Going to destinations with weaker currencies is a travel trend that came and stayed; you make hay just by showing up. The Canadian dollar, Japanese yen, Australian dollar and Latin American currencies are weak against the greenback, and correspondingly, Americans be heading north of the border, or south of it, or so far away they won't be able to see it.
The Low Shall Rise
JetBlue in the United States, Ryanair in Europe, local players in the Caribbean -- low-cost carriers are on their way up in more ways than one.
"We are seeing a lot of increase in capacity from the low-cost carriers, which are now reaching out," says Spagnola. "Instead of just intra-Mexico and intra-Caribbean, we are now seeing their reach coming into the United States and Canada."

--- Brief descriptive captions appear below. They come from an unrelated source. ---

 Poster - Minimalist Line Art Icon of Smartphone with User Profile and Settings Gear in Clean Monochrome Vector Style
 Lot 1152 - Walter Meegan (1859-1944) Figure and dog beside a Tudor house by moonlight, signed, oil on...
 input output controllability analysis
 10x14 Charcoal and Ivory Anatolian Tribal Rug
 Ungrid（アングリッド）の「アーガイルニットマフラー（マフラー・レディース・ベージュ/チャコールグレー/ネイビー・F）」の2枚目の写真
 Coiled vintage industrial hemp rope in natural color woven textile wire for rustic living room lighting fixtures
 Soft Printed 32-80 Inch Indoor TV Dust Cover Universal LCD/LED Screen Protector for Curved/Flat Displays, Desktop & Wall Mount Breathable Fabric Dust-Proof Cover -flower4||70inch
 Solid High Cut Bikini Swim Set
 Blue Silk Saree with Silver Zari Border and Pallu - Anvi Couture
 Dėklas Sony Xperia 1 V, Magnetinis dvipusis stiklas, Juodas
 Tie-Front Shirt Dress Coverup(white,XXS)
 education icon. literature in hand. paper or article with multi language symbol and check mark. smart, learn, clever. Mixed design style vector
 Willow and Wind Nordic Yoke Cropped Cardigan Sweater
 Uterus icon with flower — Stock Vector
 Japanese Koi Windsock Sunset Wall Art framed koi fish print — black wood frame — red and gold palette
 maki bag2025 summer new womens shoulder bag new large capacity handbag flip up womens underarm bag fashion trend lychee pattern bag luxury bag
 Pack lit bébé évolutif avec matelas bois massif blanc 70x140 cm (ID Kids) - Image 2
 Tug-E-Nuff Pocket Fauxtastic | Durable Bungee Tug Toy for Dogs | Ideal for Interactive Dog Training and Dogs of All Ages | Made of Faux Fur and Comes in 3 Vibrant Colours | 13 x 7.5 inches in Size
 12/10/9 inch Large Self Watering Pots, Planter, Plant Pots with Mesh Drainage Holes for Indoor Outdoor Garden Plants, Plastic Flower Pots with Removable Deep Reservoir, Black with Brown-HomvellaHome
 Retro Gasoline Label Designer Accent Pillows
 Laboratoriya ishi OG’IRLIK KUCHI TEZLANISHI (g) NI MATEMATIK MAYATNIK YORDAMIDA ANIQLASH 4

Yes, you can get your very own apartment on an Etihad flight, but the vast majority of travelers are looking to save money where they can, and these people, by their sheer numbers alone, the ones that provide carriers with the most profits. There is now such a demand for an increase in seats that the capacity for these carriers cannot do anything but grow.
"And we expect to see double-digit growth into Mexico and the Caribbean markets," Spagnola predicts. "It's expected on the whole for the Central American markets as well."
But some travelers not quite so monied for First Class, but are equally put off by squeezing coach. Carriers are seeing growth potential in Business Class, and with a little fine-tuning, are making that option more affordable.
"What has been happening over the last few years is that that has been an abundance of using business class for mileage reward travel programs and reward programs," Spagnola explains. "That increase, maybe by 6 percent in 2015, has become a much more competitive part of the industry, and the airlines continue to evolve with their products. As the competition becomes more fierce on a product side, the price will become more competitive, which will be better for the business traveler."
This sets off a positive feedback loop. If airlines are trying to utilize their business class for revenue, rather than the loyalties mileage upgrades, it means more discount pricing. Spagnola sees a good discount business class price just a little bit above the higher Coach fare.
A Bundle of Joy
Travelers can also expect to save money on all aspects of their travel in the air and on the ground by "bundling" their products, such as car rental, hotel and flight.
"A lot of times, there is specific inventory that airlines, cars, and hotels are trying to distribute, not as a single product, but as a bundled product," says Spagnola.
And, typically, there will be better pricing on those specific contents. Consumers will be able to get reduced rates on a complete bundled package, which would be, say, and airfare plus car, or airfare plus hotel. Even better, this goes up and down the luxury scale. Combining two or three of the products will give substantial savings for your summer travel.
The Internet of Everywhere
A final trend, and one that shows some sticking power, is the reliance on mobile technology and apps. Airlines are so enraptured with them, in fact, that several good deals are offered only through those mediums.
Notes Spagnola, "The majority of growth is coming from mobile tablets, iPhones, and mobile apps. A lot of airlines are looking for other distribution channels to move some of their distressed inventory other than on the online sites directly."